Hello, I'm having some problems. RuntimeError: cuDNN error: CUDNN_STATUS_EXECUTION_FAILED - Githubissues

tohinz / ConSinGAN

PyTorch implementation of "Improved Techniques for Training Single-Image GANs" (WACV-21)

MIT License

427 stars 70 forks source link

Hello, I'm having some problems. RuntimeError: cuDNN error: CUDNN_STATUS_EXECUTION_FAILED #17

Open zhangkuncsdn opened 3 years ago

zhangkuncsdn commented 3 years ago

Training model (TrainedModels/pantheon/2021_02_22_15_28_21_generation_train_depth_3_lr_scale_0.1_act_lrelu_0.05) Training model with the following parameters: number of stages: 6 number of concurrently trained stages: 3 learning rate scaling: 0.1 non-linearity: lrelu Training on image pyramid: [torch.Size([1, 3, 26, 42]), torch.Size([1, 3, 31, 51]), torch.Size([1, 3, 40, 66]), torch.Size([1, 3, 57, 94]), torch.Size([1, 3, 106, 175]), torch.Size([1, 3, 152, 250])]
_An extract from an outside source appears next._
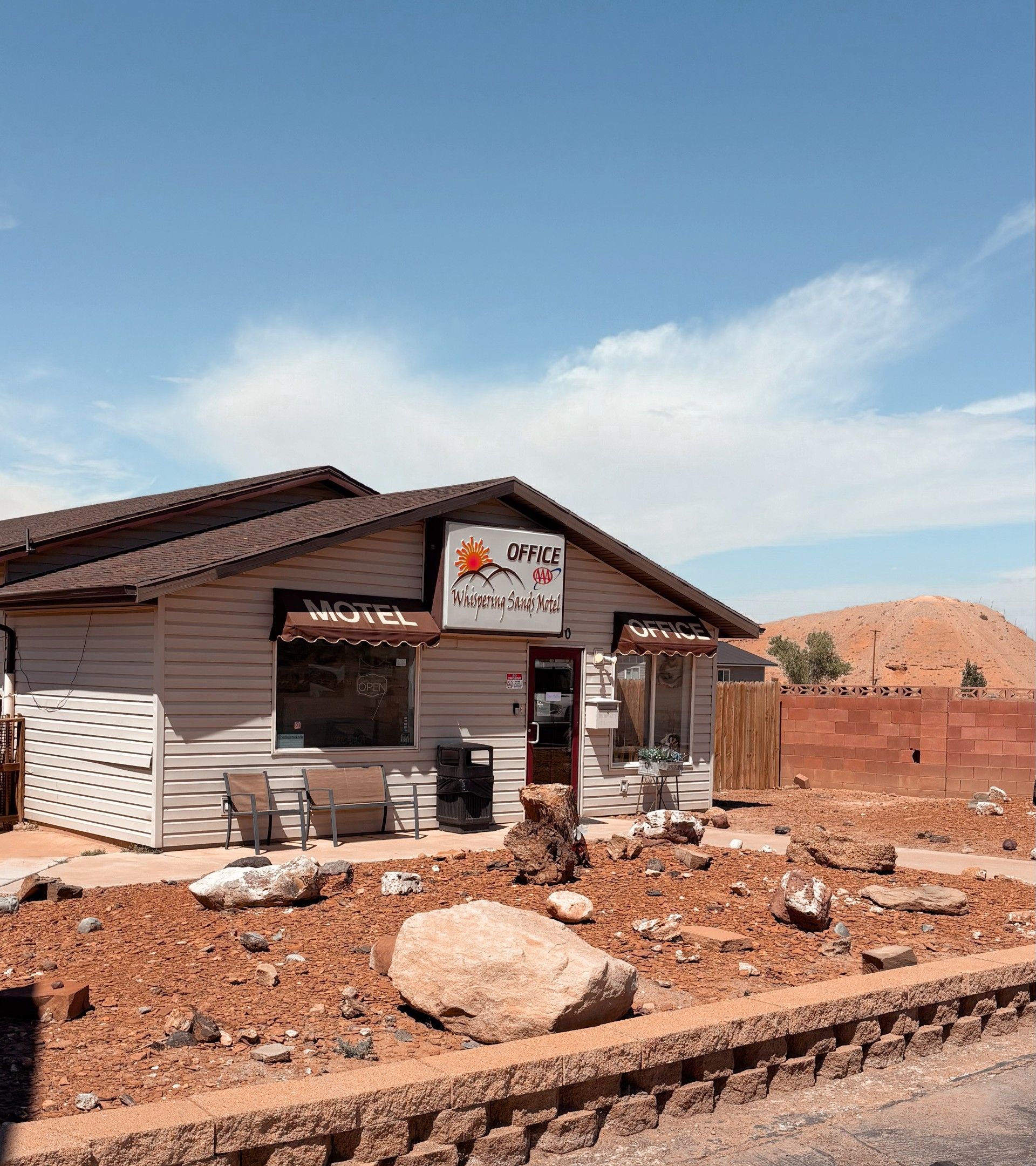 Small roadside shop in a red desert landscape under a blue sky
stage [0/5]:: 0%| | 0/1000 [00:00<?, ?it/s]T raceback (most recent call last): File "main_train.py", line 118, in train(opt) File "G:\ConSinGAN\ConSinGAN\training_generation.py", line 48, in train fixed_noise, noise_amp, generator, d_curr = train_single_scale(d_curr, generator, reals, fixed_noise, noise_amp, opt, scale_num, writer) File "G:\ConSinGAN\ConSinGAN\training_generation.py", line 156, in train_single_scale gradient_penalty = functions.calc_gradient_penalty(netD, real, fake, opt.lambda_grad, opt.device) File "G:\ConSinGAN\ConSinGAN\functions.py", line 122, in calc_gradient_penalty create_graph=True, retain_graph=True, only_inputs=True)[0] File "D:\Anaconda3\envs\ConSinGAN\lib\site-packages\torch\autograd__init__.py", line 149, in grad inputs, allow_unused) RuntimeError: cuDNN error: CUDNN_STATUS_EXECUTION_FAILED

tohinz commented 3 years ago

Hi, that looks more like a problem with your Pytorch installation. Are you sure you have the correct CUDA and CUDNN version installed for your graphic card and Pytorch version?
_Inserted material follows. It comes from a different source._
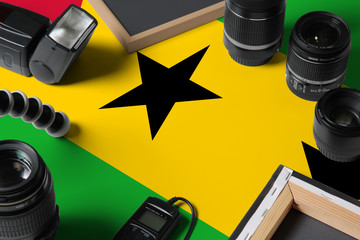 Sao Tome And Principe national flag with top view of personal photographer equipment and tools on...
zhangkuncsdn commented 3 years ago

嗨，这看起来更像是您的Pytorch安装问题。您确定为图形卡和Pytorch版本安装了正确的CUDA和CUDNN版本吗？

Hi, does the current ConsinGAN environment support Pytorch 1.7?
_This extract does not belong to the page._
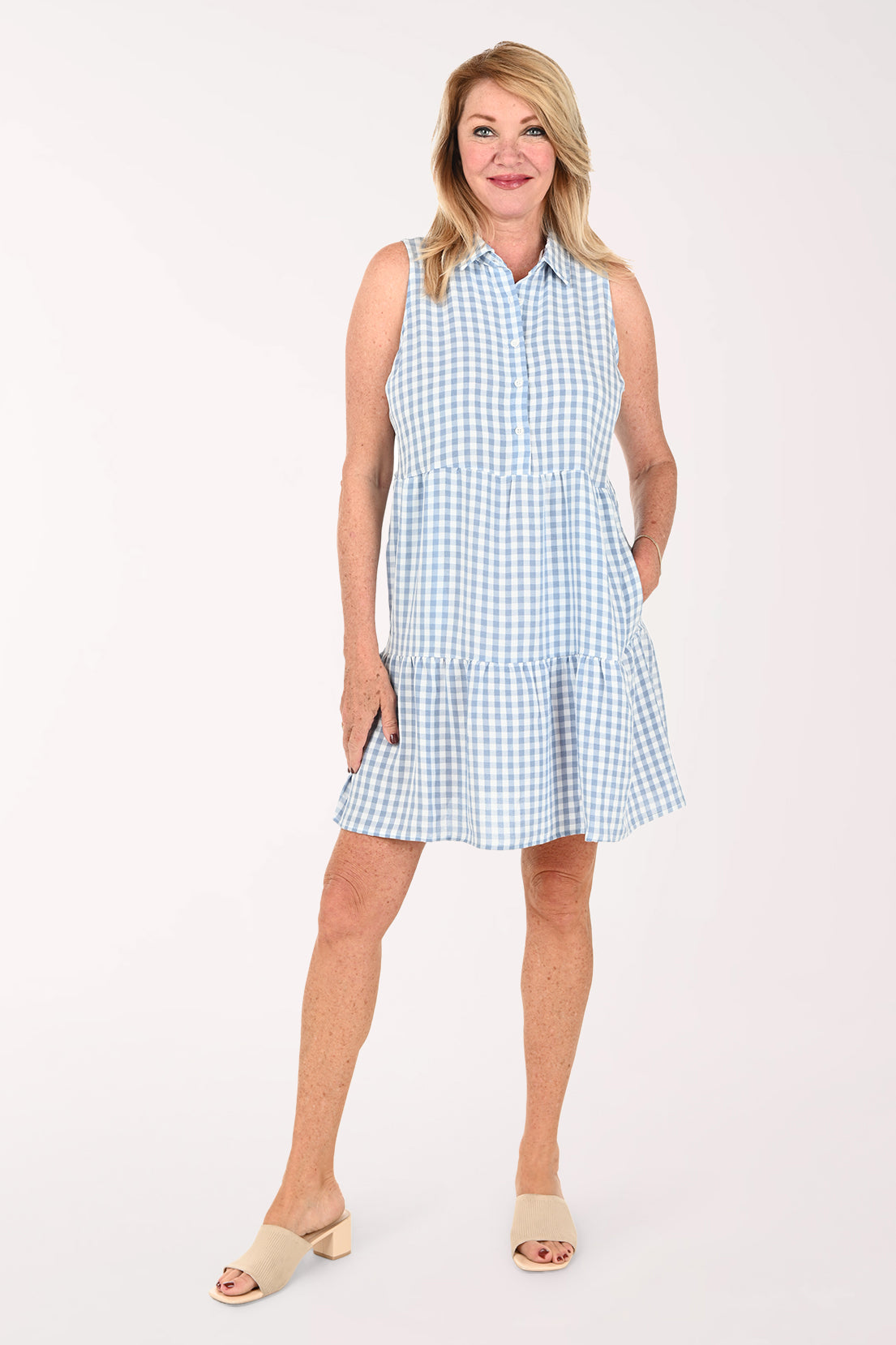 Woman wearing a sleeveless gingham blue dress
tohinz commented 3 years ago

I haven't tested it with Pytorch 1.7 but in general it should work (I assume at least it would give you a different error message from the one above). The error is thrown at the torch.autograd.grad() function which is why I believe it's a problem with your environment and not with the code itself. I would suggest running the code on CPU (use flag --not_cuda) to see if it works on CPU or if you get a more informative error message. I haven't tested it on CPU myself so you might have to add .to(torch.device('cpu')) at some points if Pytorch raises errors about GPU/CPU mismatch.

zhangkuncsdn commented 3 years ago

I haven't tested it with Pytorch 1.7 but in general it should work (I assume at least it would give you a different error message from the one above). The error is thrown at the torch.autograd.grad() function which is why I believe it's a problem with your environment and not with the code itself. I would suggest running the code on CPU (use flag --not_cuda) to see if it works on CPU or if you get a more informative error message. I haven't tested it on CPU myself so you might have to add .to(torch.device('cpu')) at some points if Pytorch raises errors about GPU/CPU mismatch.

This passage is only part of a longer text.